For 1995, Randall contended that "nigger hunting licenses" were openly available on the Roundup campground. We found no evidence that such "licenses" were widely available at the Roundup; indeed, we found no one other than Randall who claimed to have seen one in the campground.
Similarly, news outlets reported that the most controversial incidents associated with the "Good Ol' Boys Roundup" may have been staged for cameras:
Last month,the media widely reported a story about alleged racist activities taking place at a gathering of law enforcement officers and federal agents was widely reported. Now, it appears those incidents may have been staged for cameras by a disgruntled former police officer at the "Good Ol' Boys Roundup" in Tennessee.
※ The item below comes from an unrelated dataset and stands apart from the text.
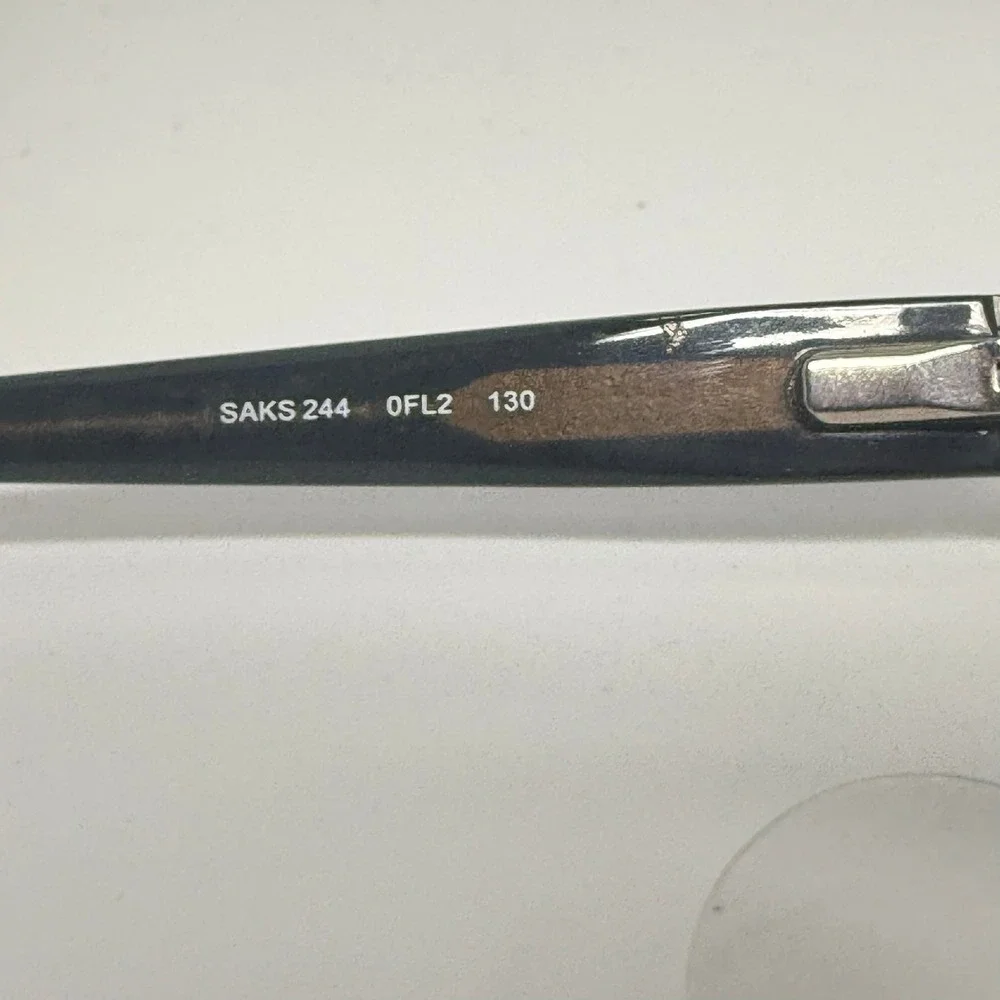 Saks Fifth Avenue 244 0FL2 Stainless Steel Eyeglasses Gold Blue Marble 52-17-130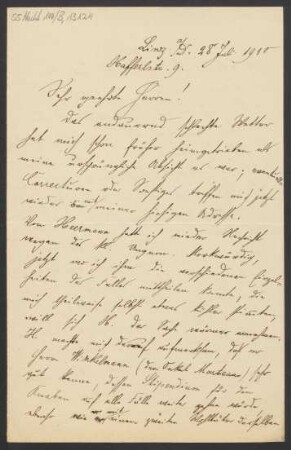 Brief an B. Schott's Söhne : 28.07.1910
The New York Times reports in its Sunday edition that former Fort Lauderdale, Florida police officer Richard Hayward is the source of the stories. He reportedly made his allegations after the Roundup organizer in 1993 kept him from distributing David Duke campaign literature. Duke is the former Louisiana Ku Klux Klansman who ran unsuccessfully for the U.S. Senate. The organizer also told the New York Times that Hayward had tried to display "white power" stickers.
The newspaper reports Hayward fed his story to the National Rifle Association last spring. He reportedly also gave NRA officials the 90-second videotape of the Roundup that was shown in TV reports last month. The tape shows a banner warning, "Nigger check point," and tells of agents selling "nigger hunting licenses."
The Times report says the NRA officials informed a Washington Times reporter about Hayward's claims. That newspaper broke the story on July 11. The New York Times says Justice Department investigators and civil rights leaders have doubted the story from the beginning, although Hayward insists his videotape is genuine. The newspaper reports he has since had a falling out with the NRA, which now says its leaders doubted the videotape from the start.
Although the hunting licenses may not have been sold at the Good Ol' Boys Roundup, nor were they legal documents issued by the state of Missouri, these pieces of racist memorabilia really do exist, and some online stores still sell "federal [N-word] hunting licenses":
The Jim Crow Museum of Racist Memorabilia noted that a variety of materials with racist themes continue to be created and vended in the United States:
The battle continues. Objects with racist themes are created, produced, and sold weekly in the United States. In some instances, the objects (or images) are racially insensitive or demeaning in direct ways. In other cases, their racist meanings are more nuanced. The only redeeming value for all of these objects (and images) is that they can be used to teach tolerance and promote social justice.